In December 2013, Daily INK was relaunched as part of the new Comics Kingdom website.

==Vintage strips upgrade==
With 11,000 subscribers by June 2010, more vintage strips were added to DailyINK, including Barney Google, Beetle Bailey, Big Ben Bolt, Brick Bradford, The Heart of Juliet Jones, Jackys Diary, The Katzenjammer Kids, Little Iodine, Mandrake the Magician, Office Hours, Quincy and Radio Patrol. On November 15, 2010, a subscription rate increase to $19.99 was announced, effective December 15, 2010, with applications available on iPhone, iPad and iPod Touch, plus a "new and improved" DailyINK in 2011. The redesign was by Blenderbox.

==Added features==
Features added in 2011 included original publication dates, forum topics and a blog, mostly promotional but also with authoritative "Ask the Archivist" posts exploring comic strip history. The "Last 7" feature enables the reader to see a week's worth of comics on a single page. On the right side of the home page, collapsible activity boxes show what’s happening on the site: “Most Saved Today” lists the strips DailyINK users have added to their scrapbooks. “Most Active” indicates which strips are being shared on Facebook, Twitter and StumbleUpon. “Recent Comments” shows what users are saying about the strips. The "Scrapbook" feature allows one to save individual favorites to a personalized scrapbook for later viewing. A tiny calendar above each strip makes it possible to read or reread all strips of the previous year.

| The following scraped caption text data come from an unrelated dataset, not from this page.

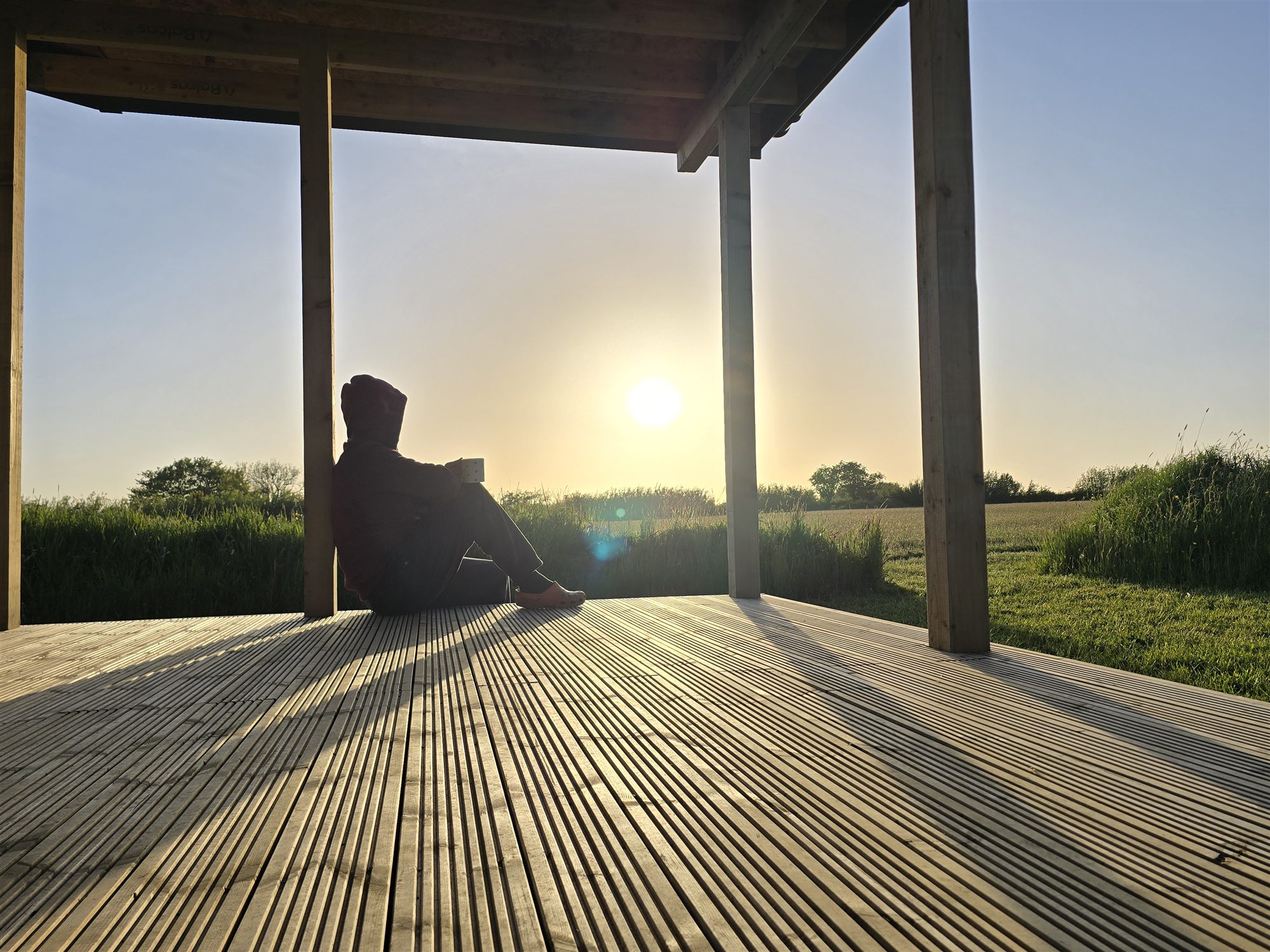 A guest sitting quietly on a covered lodge deck at sunset.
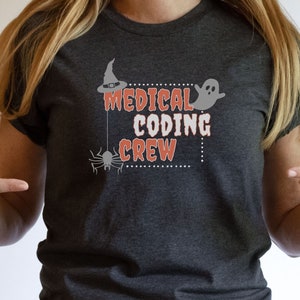 Puede incluir: Camiseta gris oscuro jaspeada con un diseño de temática de Halloween. El diseño presenta un sombrero de bruja, una araña, un fantasma y el texto "Medical Coding Crew".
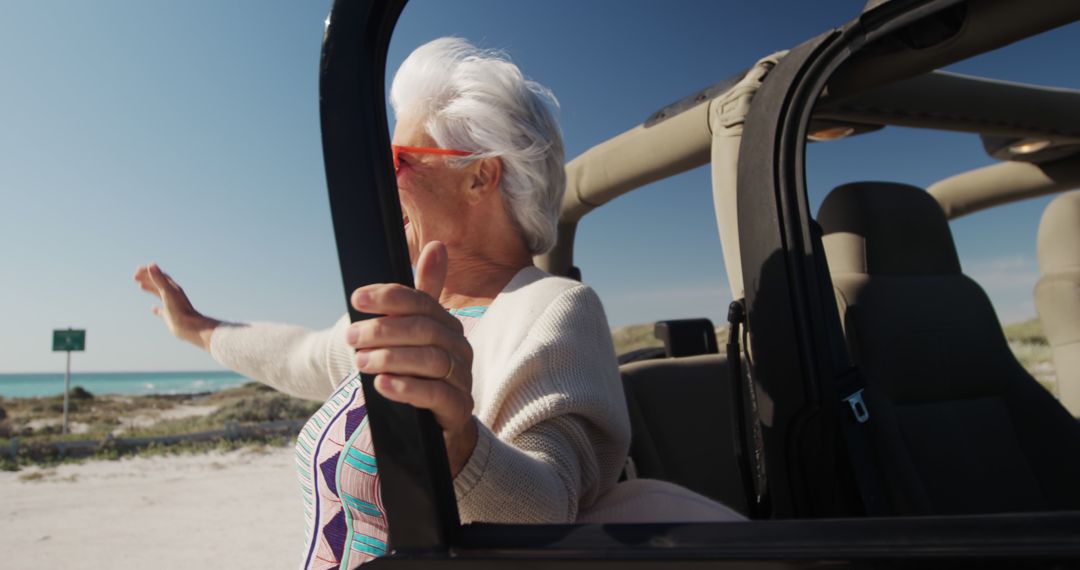 Senior Woman Enjoying Seaside Ride in Open Convertible - Free Images, Stock Photos and Pictures on Pikwizard.com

On the site, the strips appear larger than they do in emails, as noted in the site's FAQ: "The new DailyINK site displays comics much larger than before. In fact, they’re bigger now than when zoomed on the original site. Therefore a zoom function is no longer needed." Despite this claim, small details are sometimes lost because the strips cannot be enlarged. Traditionally, Sunday strips have always been published larger than daily strips, and that tradition continues here. However, Bill Griffith's Zippy, in an odd technological twist by DailyINK, is displayed small on Sunday and large in the dailies.

In 2012, Jackys Diary was dropped from DailyINK, and the Archivist explained, "Unfortunately, we no longer have the rights to publish the strip."

In April 2012, DailyINK began carrying the original Mort Walker and Dik Browne Hi and Lois in addition to the current Hi and Lois by Chance Browne, Brian Walker and Greg Walker.

==Awards==
On January 13, 2012, the DailyINK app was voted as the People’s Champ in the Funny category in the 2011 Pixel Awards. Established in 2006, the Pixel Awards honor sites and apps displaying excellence in web design and development. Other nominees in the Funny category: JibJab Media Inc, Threaded, Snowball of Duty: White Opps and SoBe Staring Contest.